その3年後には、夫が帆船の遭難によって見るも無惨な姿で発見されたのでした。
メアリーは17歳の時にも、出産した長女を生後わずか11日目に亡くしています。
奇しくもメアリーの母、男尊女卑の時代に女性の権利を訴えたフェミニズムの先駆者メアリー・ウルストンクラフトも、メアリーを出産した11日後に病気で亡くなっていました。

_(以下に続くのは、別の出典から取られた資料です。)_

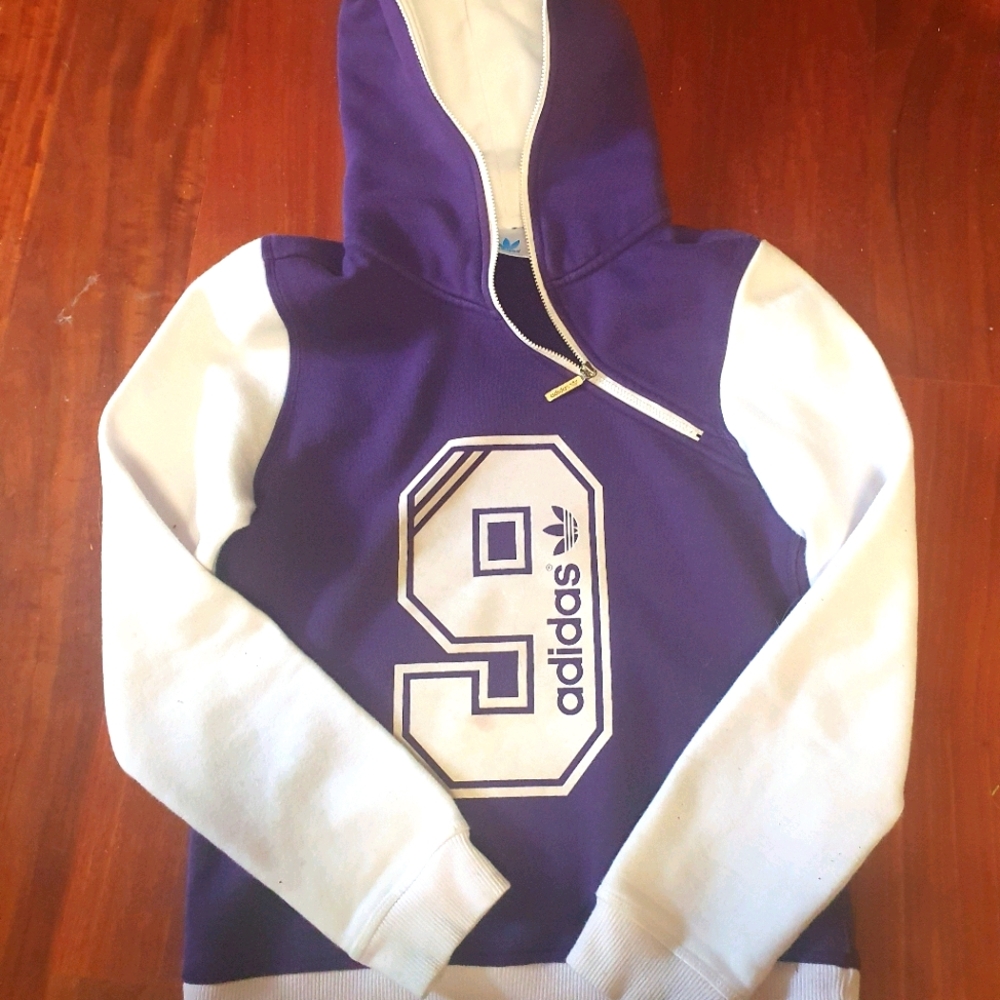 Adidas sweater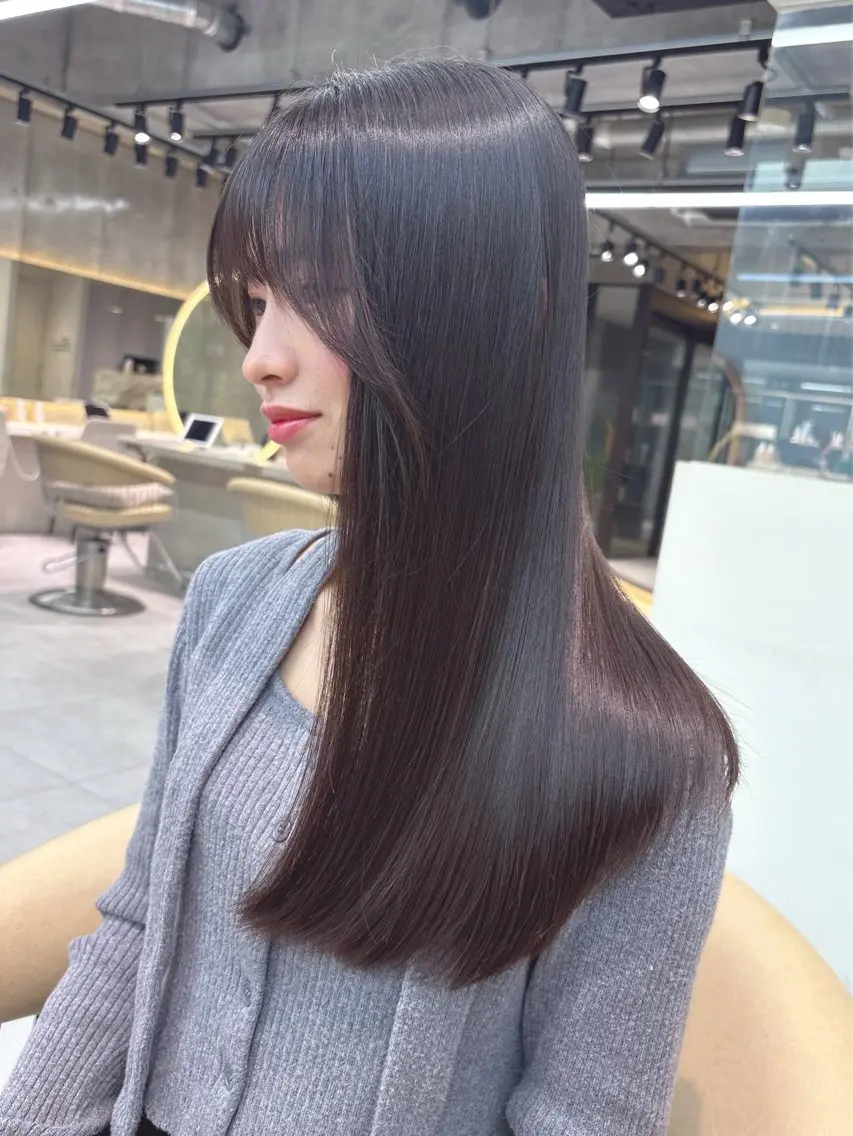 ロング カット 縮毛矯正 トリートメント 福岡縮毛矯正✨️ ストレート 向井和輝のヘアスタイル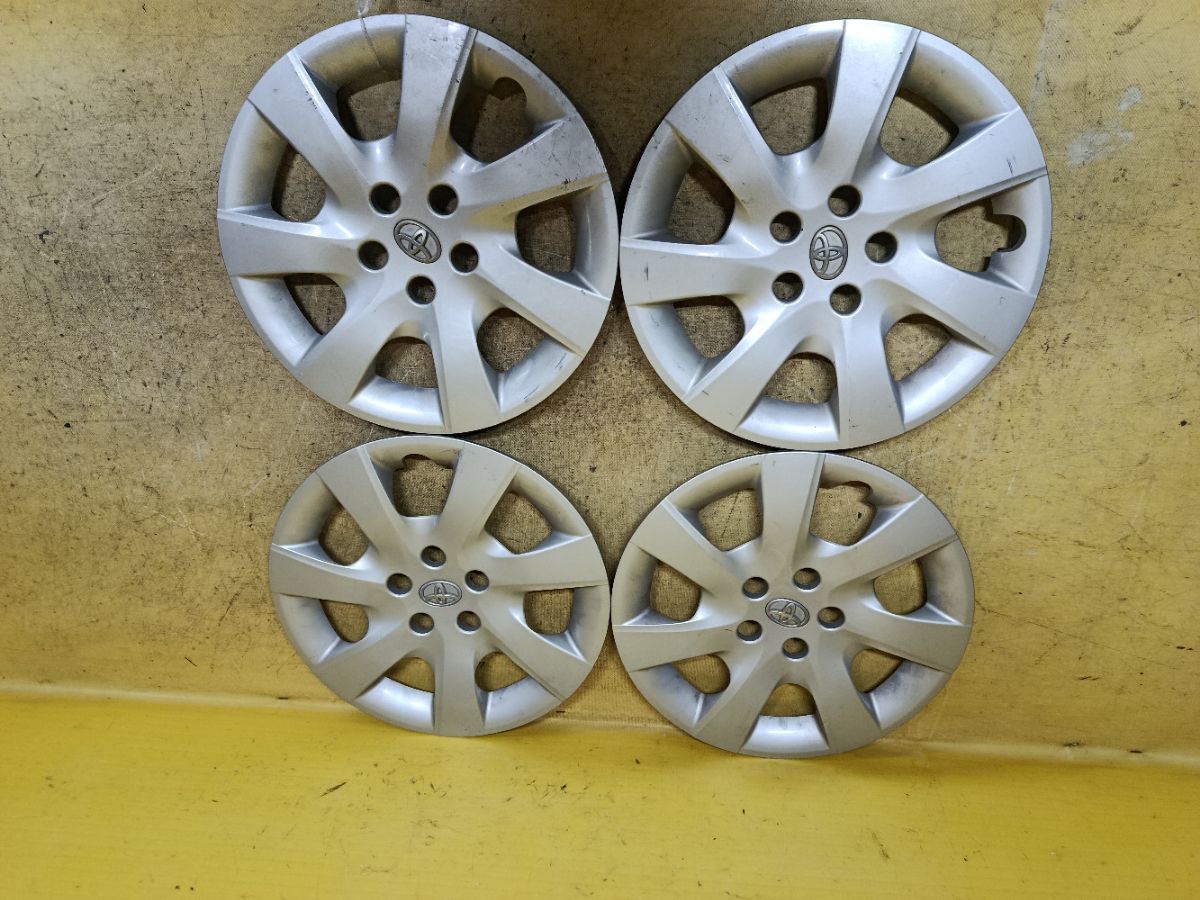 Колпак 42602-68020 на Toyota Wish ZGE20G Фото 1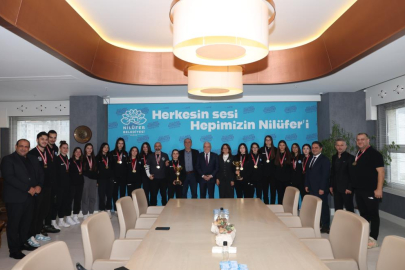 NİLÜFER BELEDİYESPOR’UN ŞAMPİYON KIZLARI KUPALARLA DÖNDÜ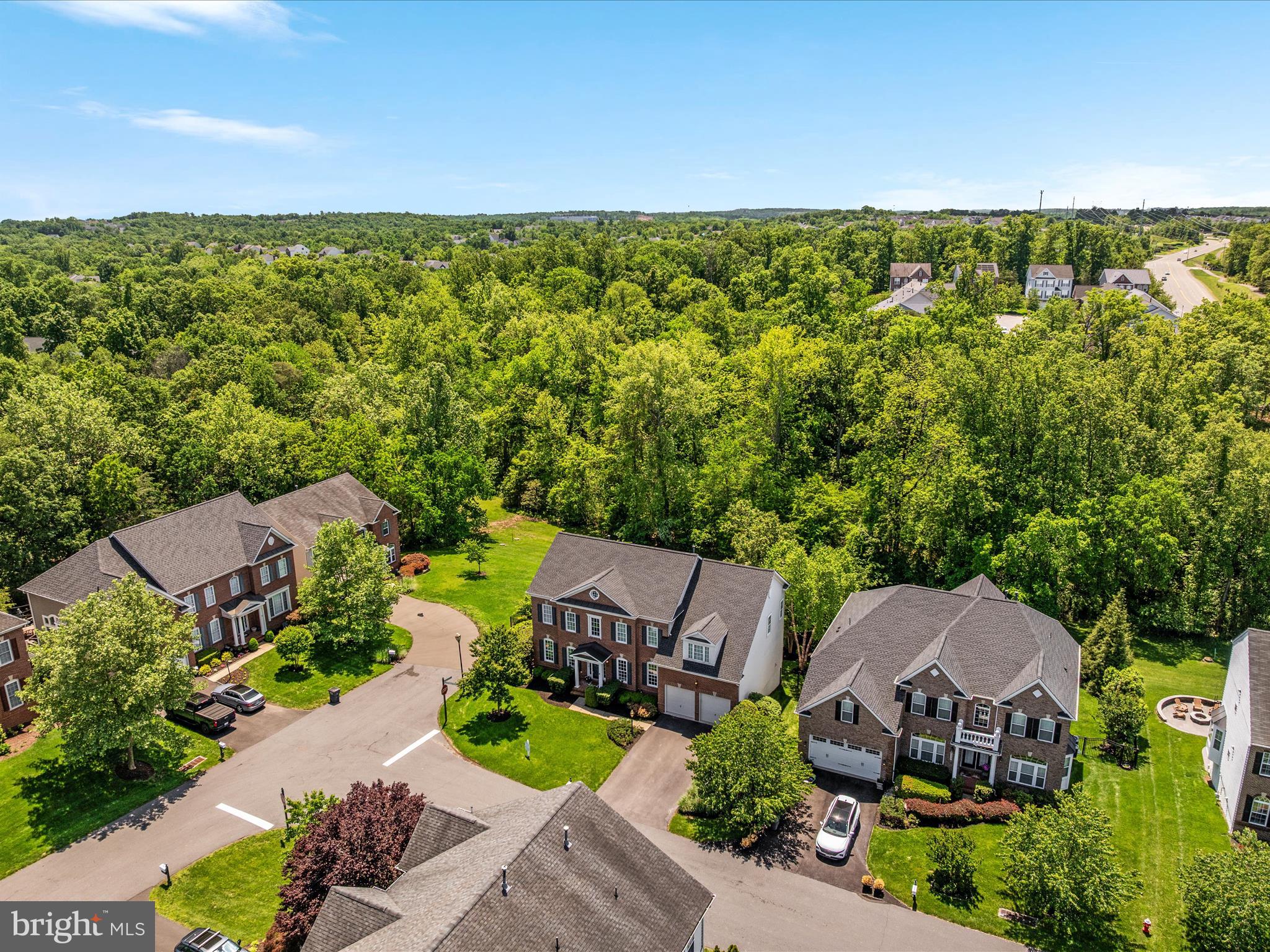 RIVER CREEK - Residential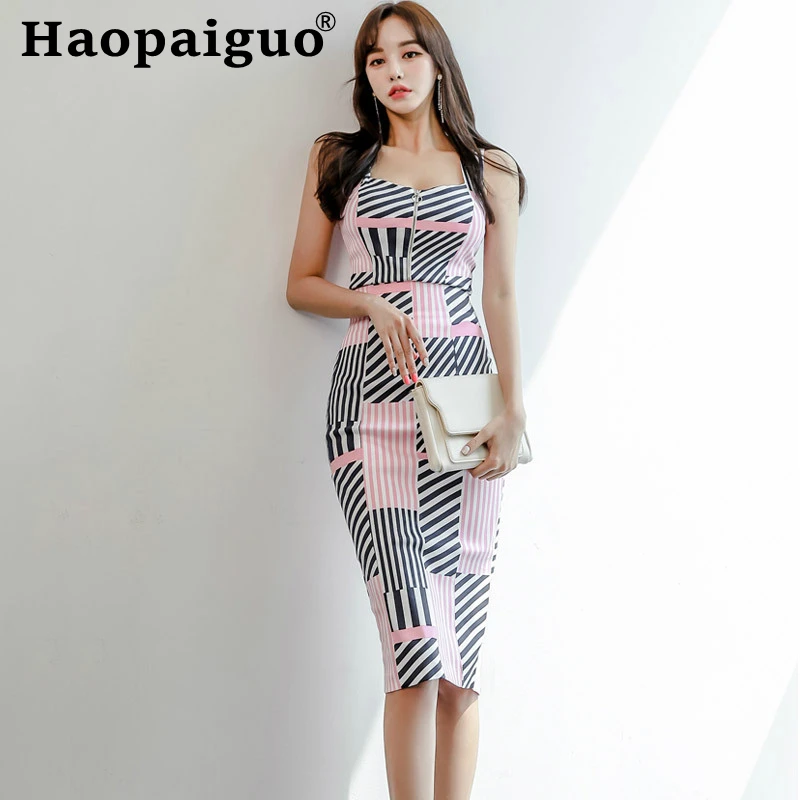 

Big Size 2019 Summer Casual Korean Two Pieces Set Sleeveless Blouse Zipper and Bodycon Mini Skrit Print Striped 2 Pieces Set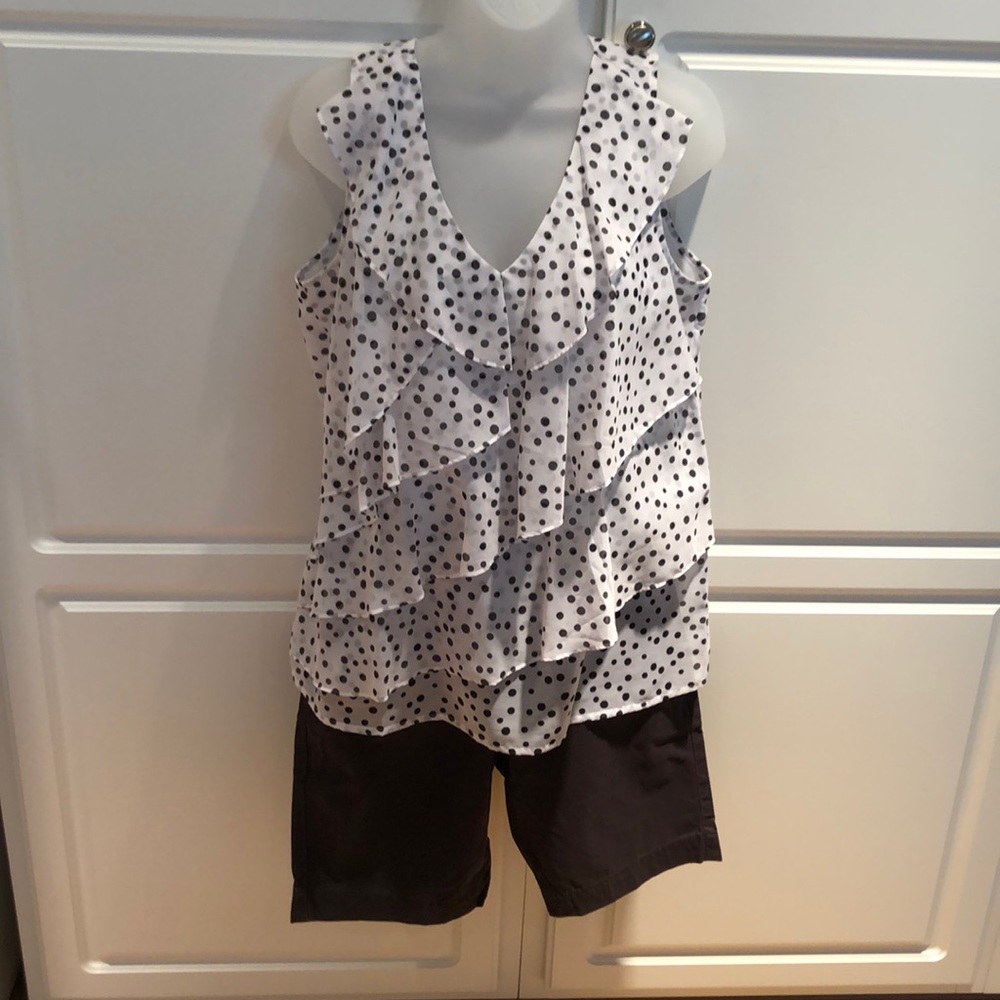 NWT loft white and black ruffled shirt. Size M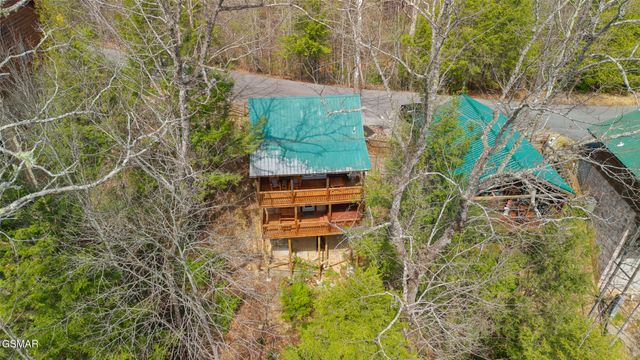 1751 Mountain Shadows Way, Gatlinburg, TN 37738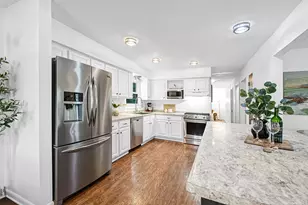 706 Wexford Way, Hartland, WI 53029 - Photo 10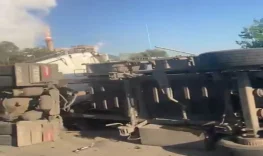 yatagan-milas-karayolunda-kaza-komur-yuklu-kamyon-devrildi-1777365212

幸せな親子関係には全く縁がなかったメアリーですが、そもそもこの小説は虐待した挙げ句にわが子を捨てた、生みの親のヴィクター・フランケンシュタインに復讐を果たすために怪物が遥々旅をするという物語。
つまり、悪役は怪物ではなく生みの親の方なのです。

ところが、そのことを知ったフランケンシュタインは、自らの手で怪物に引導を渡すべく逆に追う側の立場に回ります。
しかし、追跡の途中、北極へと向かう探検隊の船の中で息絶えてしまうのですが、突然そこにあの怪物が現れます。

そして、念願の復讐が叶ったにもかかわらず、「こいつもオレの犠牲者なのだ」と言って涙を流すのでした。
「死が唯一の慰めだ」と言い残した怪物が、北極の闇に消えていくところでこの風変わりな物語は幕となるのですが、メアリーが描きたかったのは薄気味悪いホラー小説などではなく、奇妙な形ではありますが親子の愛憎物語だったのです。
今、私たちが目にする映画やドラマのストーリーとは随分違いますよね。

そんなシェリー夫婦を、ずっと支え続けた唯一の理解者がいたのですが、それがあのスキャンダルまみれの詩人バイロンだったとなると、もはや皮肉以外の何物でもありません。
なんとなく、メアリーの人生とそれを取り巻く人間模様そのものが、巨大なモンスターのように見えてきますよね。

いずれにせよ、2百年経っても世界中の人々が主人公の名前を知っていること自体、モンスター級であることには間違いありません。